## [DATASET CONTENT]
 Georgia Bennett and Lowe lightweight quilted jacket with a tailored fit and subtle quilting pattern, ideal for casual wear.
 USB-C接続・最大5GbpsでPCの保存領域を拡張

* * *

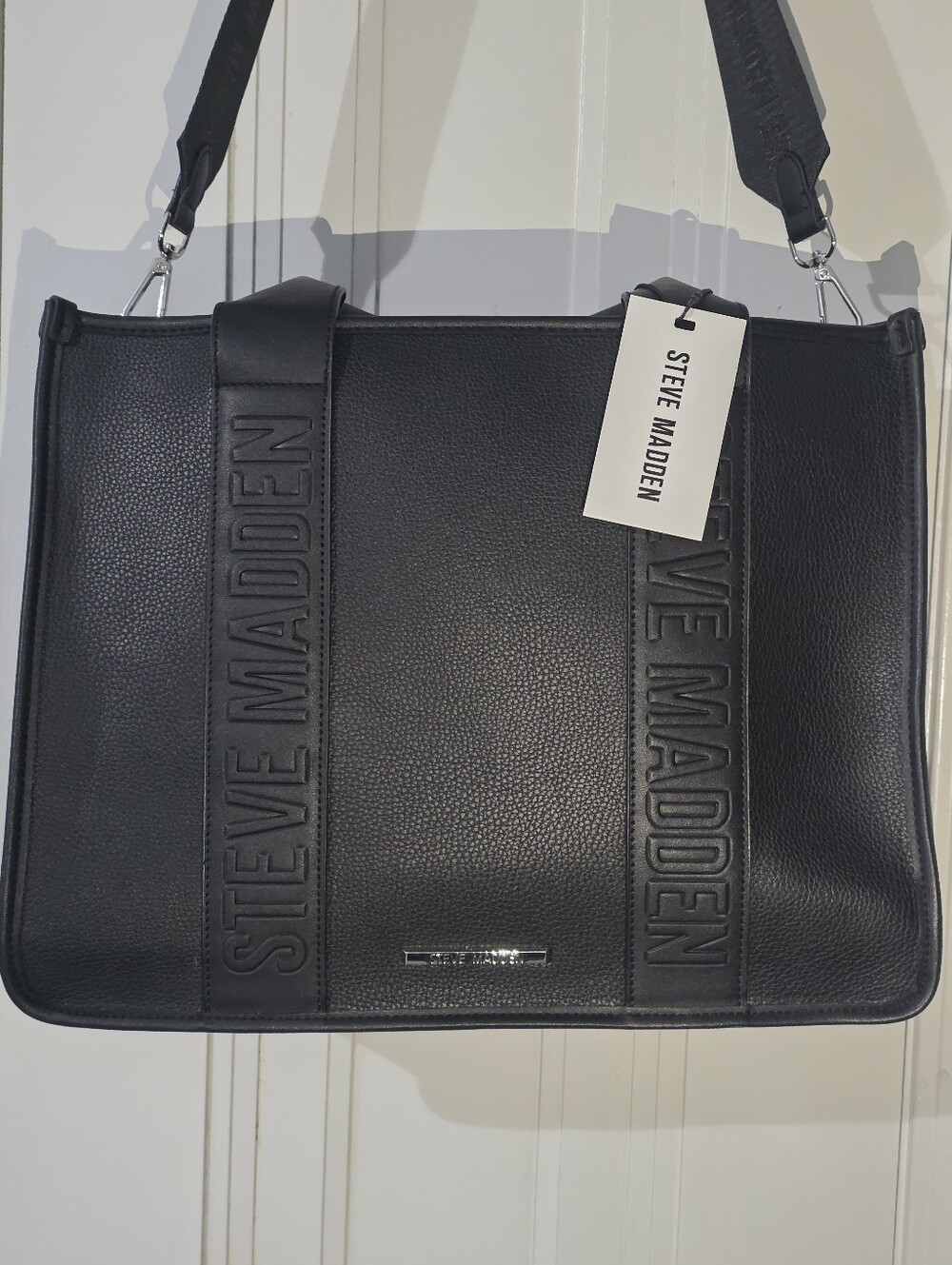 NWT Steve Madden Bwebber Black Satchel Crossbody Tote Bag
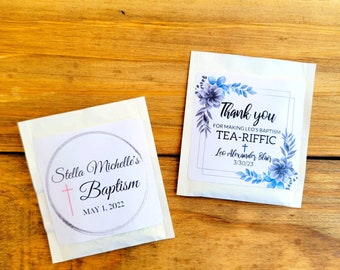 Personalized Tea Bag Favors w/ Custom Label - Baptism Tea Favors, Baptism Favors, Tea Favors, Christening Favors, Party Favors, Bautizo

## [HOW TO COMPLETE THIS TASK]
Starting with the line that holds "Georgia Bennett and" and ending with the line that holds "USB-C接続・最大5GbpsでPCの保存領域を拡張", retype every line in the data above exactly, and nothing else.

## [ANSWER TO THIS PROBLEM]
 Georgia Bennett and Lowe lightweight quilted jacket with a tailored fit and subtle quilting pattern, ideal for casual wear.
 USB-C接続・最大5GbpsでPCの保存領域を拡張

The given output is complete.